On the other hand, and this might raise some eyebrows, folks maybe should take a peek at Gallery 2.2 . Yeah, its in php, and they don’t have enough unit tests, but it does a really nice job of solving the “bucket” problem – that is, easily publishing a repository of digital assets on the web. Their next version will handle audio and video files, and the software is popular enough that people have built desktop clients for iPhoto and Picassa. They have a good story for multi-site installations, upgrades, and even a web based mechanism for upgrading plugins. Just imagine mashing up this backend store with a social-networking tool like elgg. Maybe you could create complex and elaborate views of your data with widgets coming out of the simile project (exhibit and timeline, in particular). You might even be able to use a visual programming tool, like Yahoo’s pipes or IBM’s QEDWiki to assemble this application.

The real threat here isn’t Gallery. Its the loosely-joined, disconnected applications that are becoming connected through the component architecture of HTTP itself (plus a few decent patterns and standards). No one wants to be trapped in a silo, not even if its decked out with hardwood floors, leather furniture, and a marble mantle.

Plone can be a major provider in this hub of communications, maybe even sometimes at the center. But we do need to try to anticipate the future role of the CMS in the face of asymmetric competition.

As Laura Trippi once put it, Content Management Systems like Plone,
are turning content produces into coders, and vice versa. We’re
creating monsters, and they might soon be outgrowing the tools they
were weaned on.

(thanks to Biella for the video reference and the critical commentary).

Honest Software

Originally publihsed on theploneblog.org

How hybrid economies help keep software honest.

Last week’s Plone Conference was truly phenomenal – provocative, intense, and fun (big thanks Jon and ONE/Northwest!).

One of the most amazing things I experienced last week was alluded to in Eben Moglen’s keynote (to be posted soon)- the manner in which this community has managed to bring together people who don’t ordinarily interact.

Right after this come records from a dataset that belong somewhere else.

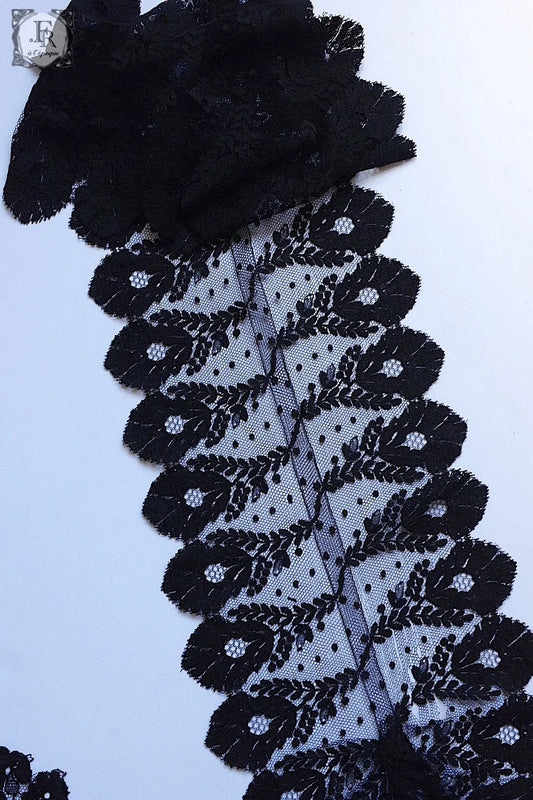 アンティークレース dentelle antique 黒レース タイ .FR a l'epoque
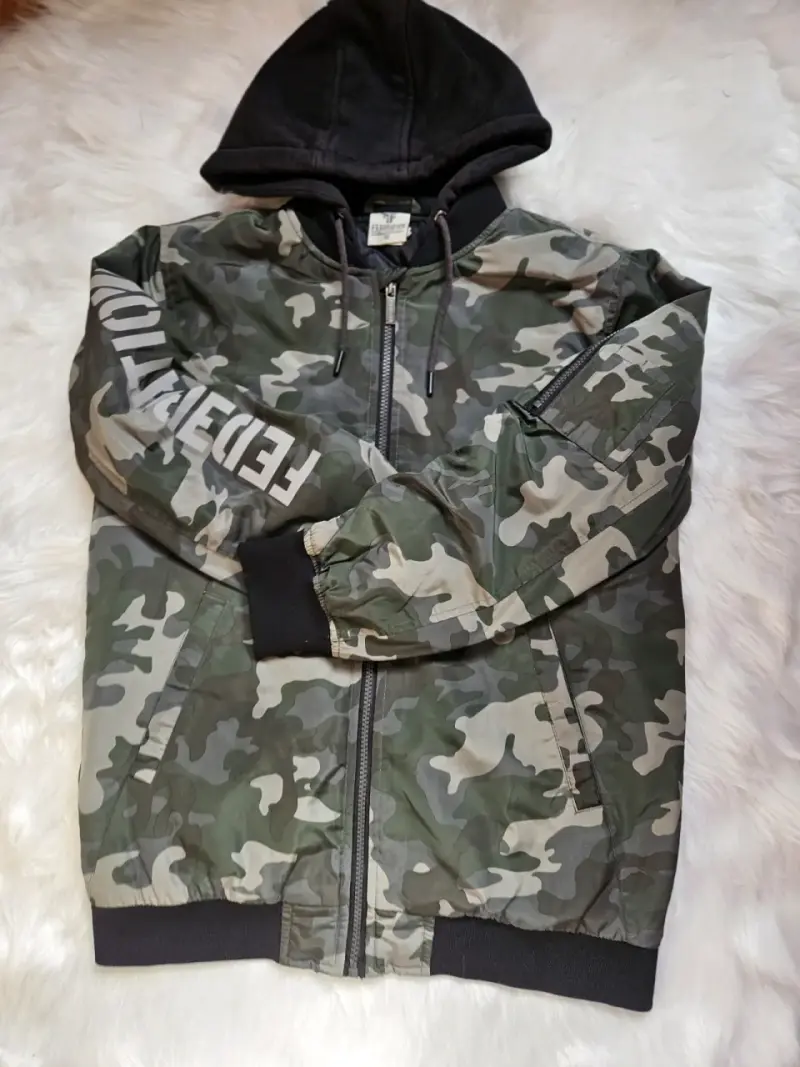 Chaqueta camuflada con capucha Federation - 1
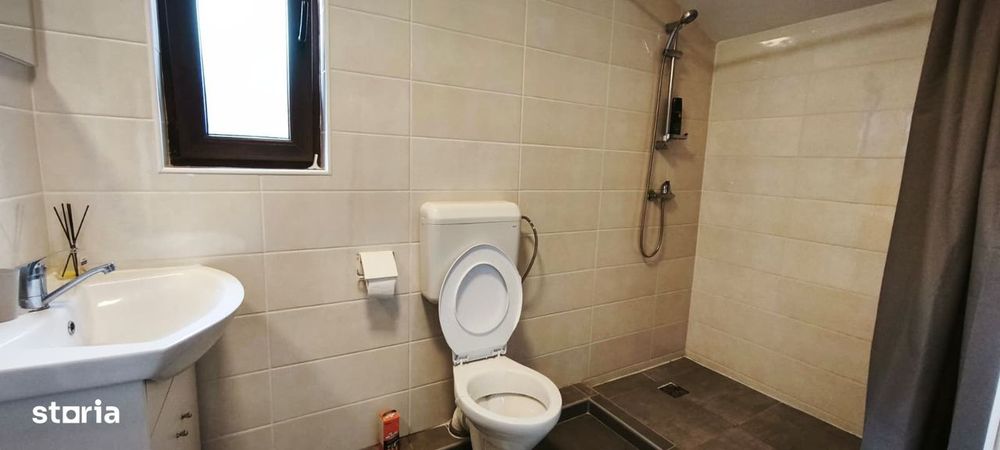 De inchiriat casa cu 6 camere in Cristesti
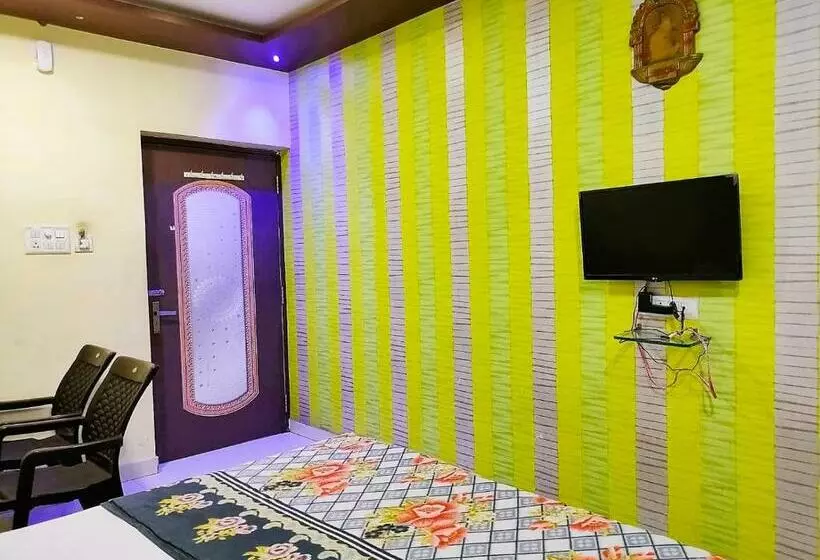 ホテル Staymaker Madhuwan Heights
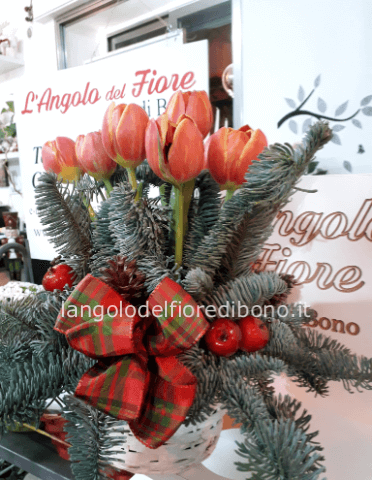 composizione natalizia con tulipani + pigne + mele + cestino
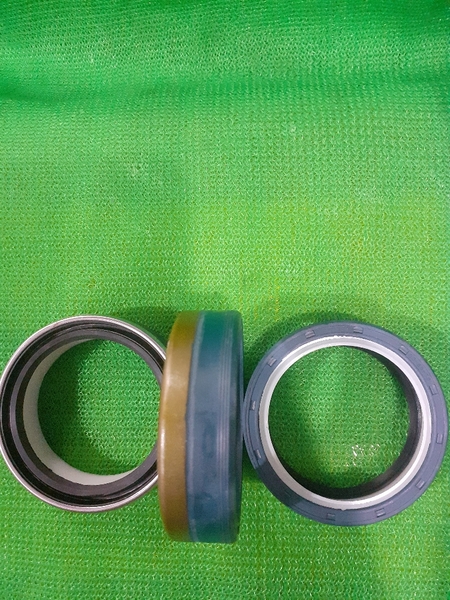 PHỚT LÁP TRƯỚC R130/140: 50*65*18 ( P LÁP TRƯỚC NGOÀI) -  SKF
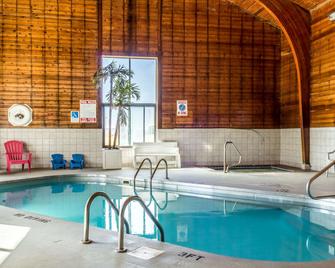 Econo Lodge North - Sioux Falls - Pool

Throughout the breakout sessions, I continued to question dividing us up according to our respective vertical sectors – Corporate, Non-Profit, Educational, and Government. As I have begun to write about elsewhere, systems like Plone can help balance the flow of communication and power between people in a variety of situations and settings. Content, collaboration, and community are contexts which exist across sectors, and the tools we all need cross over as well (sometimes with slightly different tunings).

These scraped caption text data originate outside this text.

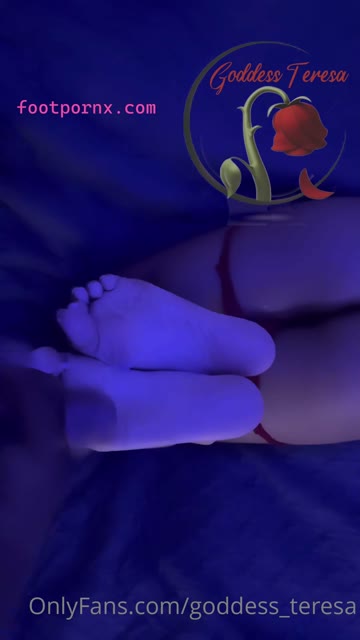 goddess_teresa hot foot babe 31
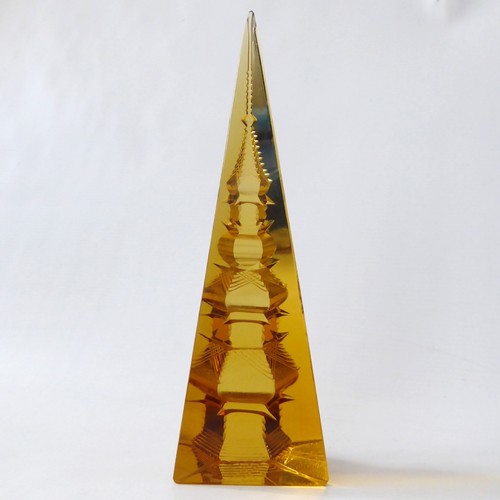 Reverse cut japanese pagoda - cut,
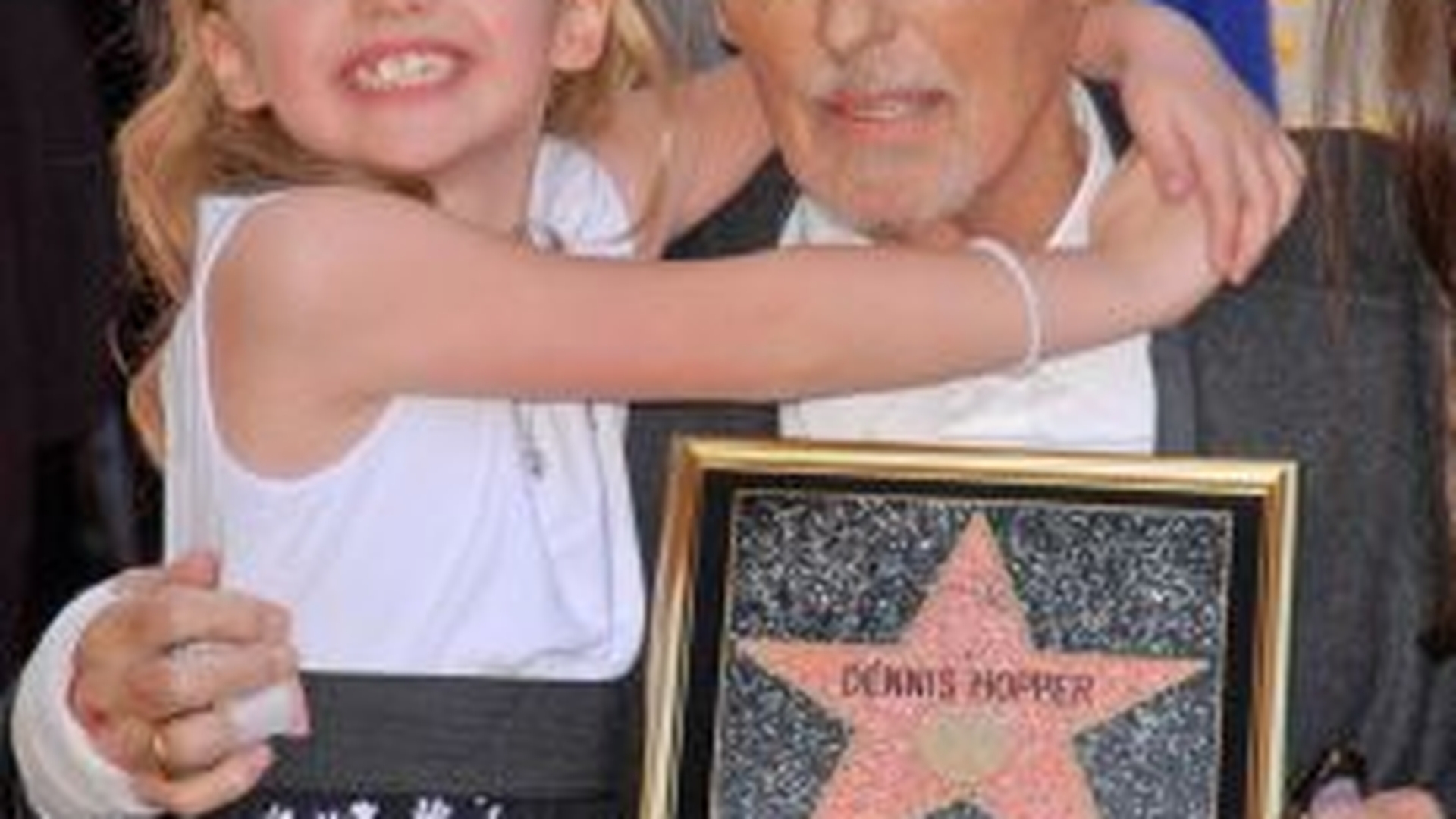 Dennis Hopper ii va plati lunar sotiei sale o pensie alimentara de 12.000 de dolari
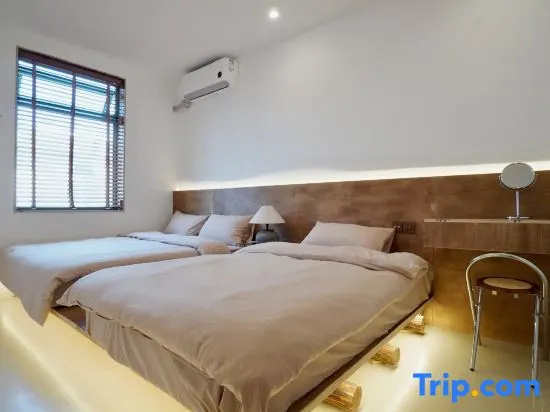 4 Bedrooms Standard room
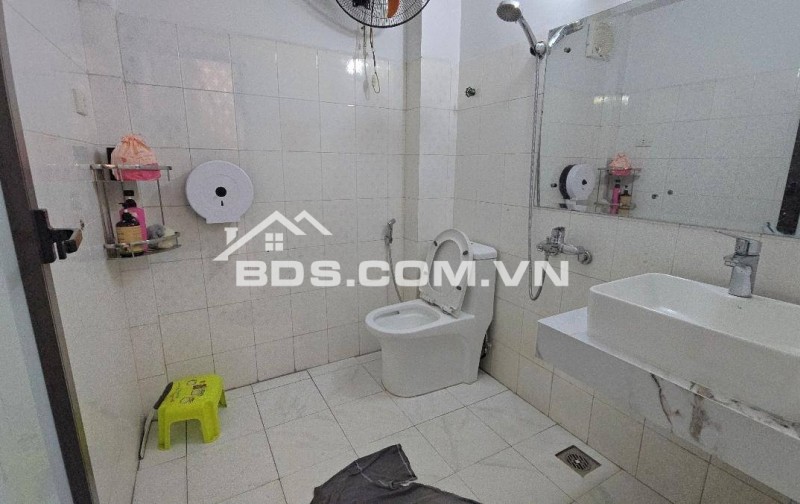 Bán nhà Thái Thịnh 35m 4 tầng MT4.3m lô góc, kinh doanh hơn 13 tỷ.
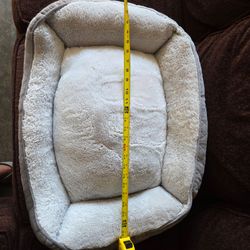 Plush Pet Beds with Bolster Sides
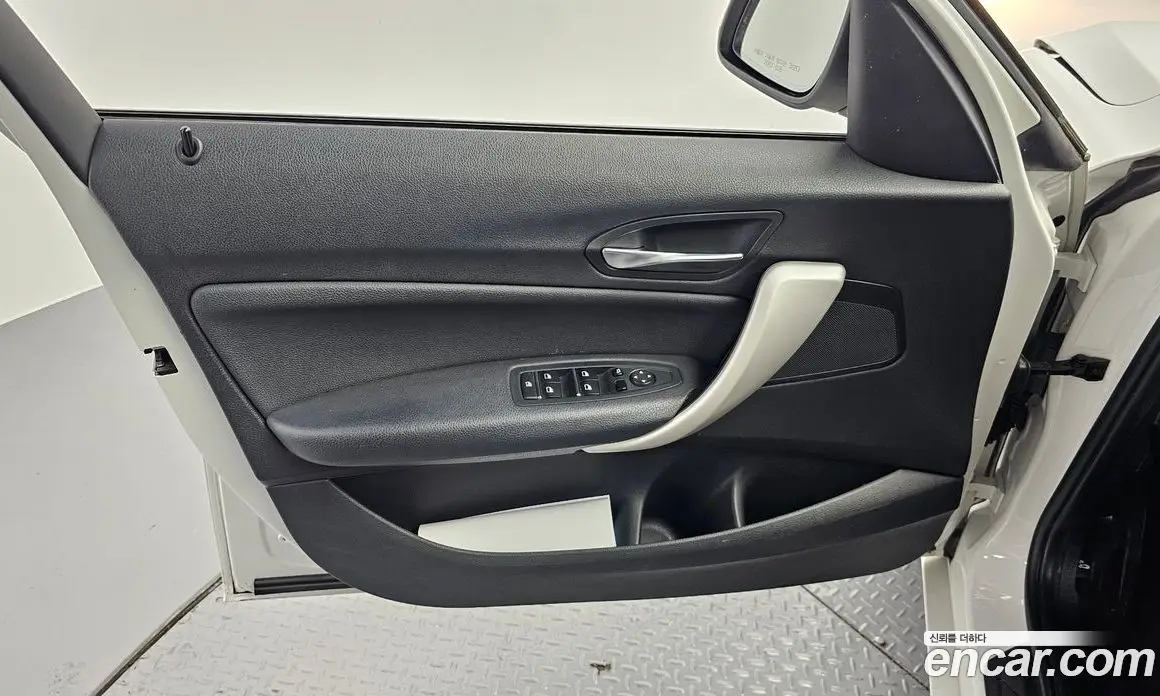 BMW 1 серия 2019 2.0 автомат (гидро), фото 14 BMW 1 серия 2019 2.0 автомат (гидро), фото 14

In many ways lumping together all the folks involved with education is odd. Universities are microcosms of cities, and their IT needs are as diverse as the the rest of the world. However, there are still structural and social similarities that form the basis for common language and culture. After engaging with my fellow educators a the educational panel session and the BOF session I understood the value of us sharing and strategizing, beyond just commiseration.

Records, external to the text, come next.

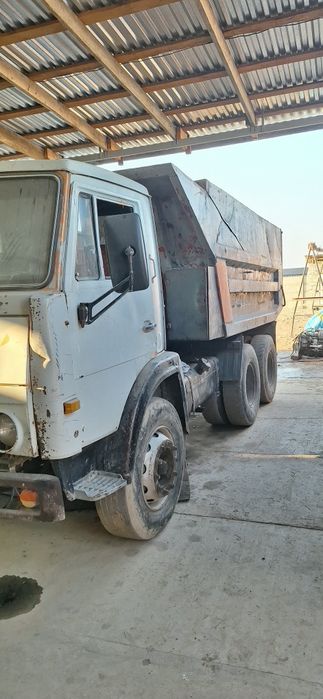 КАМАЗ самосвал...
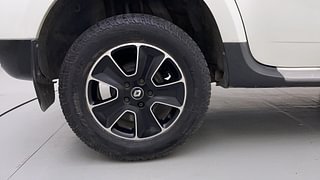 Used 2018 Renault Duster [2015-2019] 110 PS RXZ 4X2 AMT Diesel Automatic tyres RIGHT REAR TYRE RIM VIEW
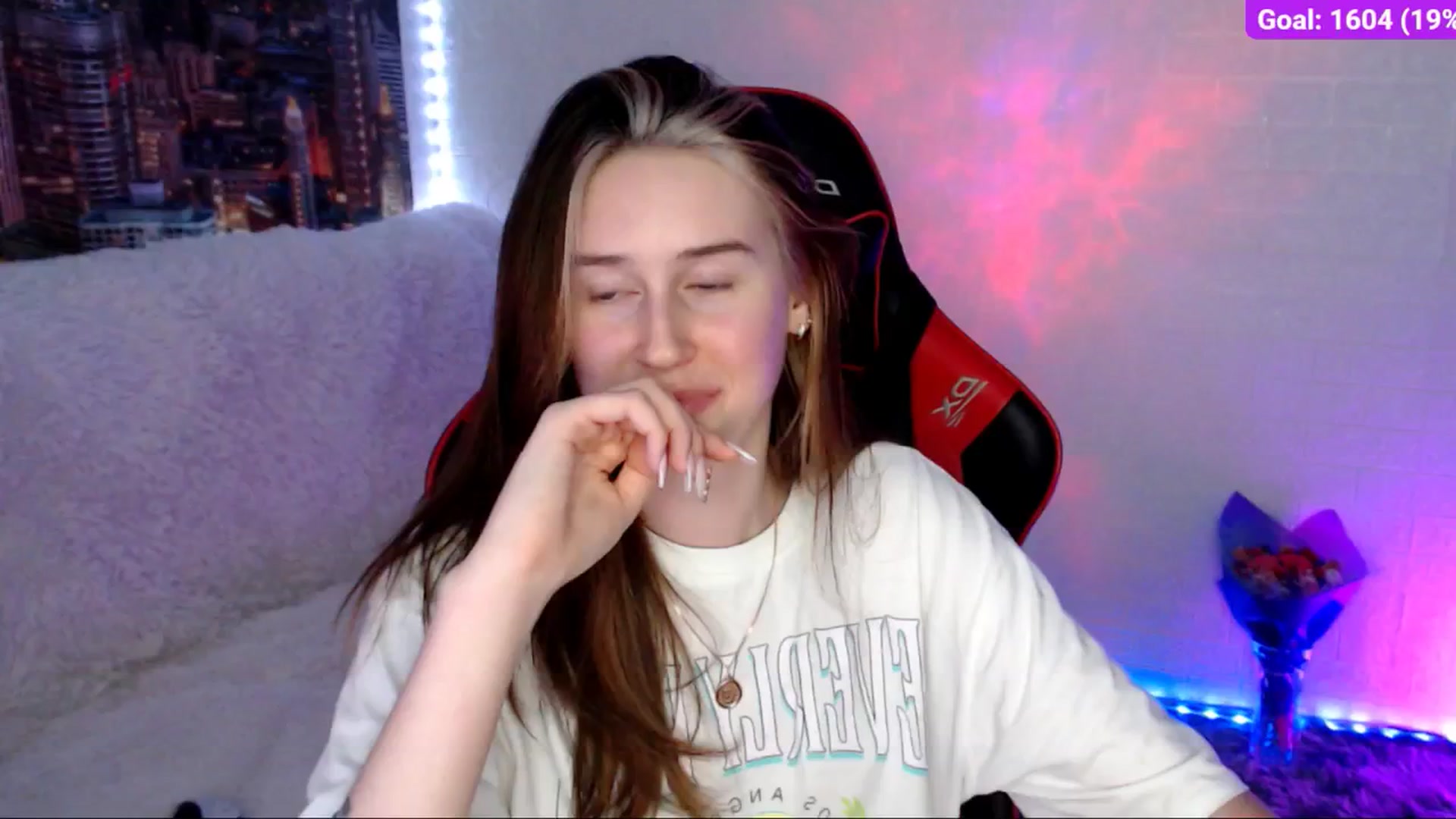 Gallery image thumbnail from Honey_dream's myfreecams stream on, 09/08/2024, 01:12 image 11 of 20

But through it all, there was one thing that united all of the different attendees – a piece of general purpose software called ‘Plone’.

It is worth dwelling on this mixture of participants and the varying forces they apply to the software. Lessig and Benkler have both been writing a great deal about hybrid economies lately, trying to understand their rhythms, and how we might be able to design them to succeed. They have been writing generally about the “commercial economy” and the “second economy” (sharing, social production, etc), but the lessons may cross over directly to our community.

I realized in Seattle how beneficial diversity can be for software production.
Most of the consultants using Plone are there strictly for traditional market considerations – to make a profit. They are helping to keep the software honest. Unlike some other open source projects which exclusively service the educational world, Plone is not sheltered from the raw, harsh forces of the commercial market. This means that some of the people using Plone use it because it helps them get their jobs done efficiently. Others have called this “productivity arbitrage“, and it is a concept that may hold the key to designing successful open source projects.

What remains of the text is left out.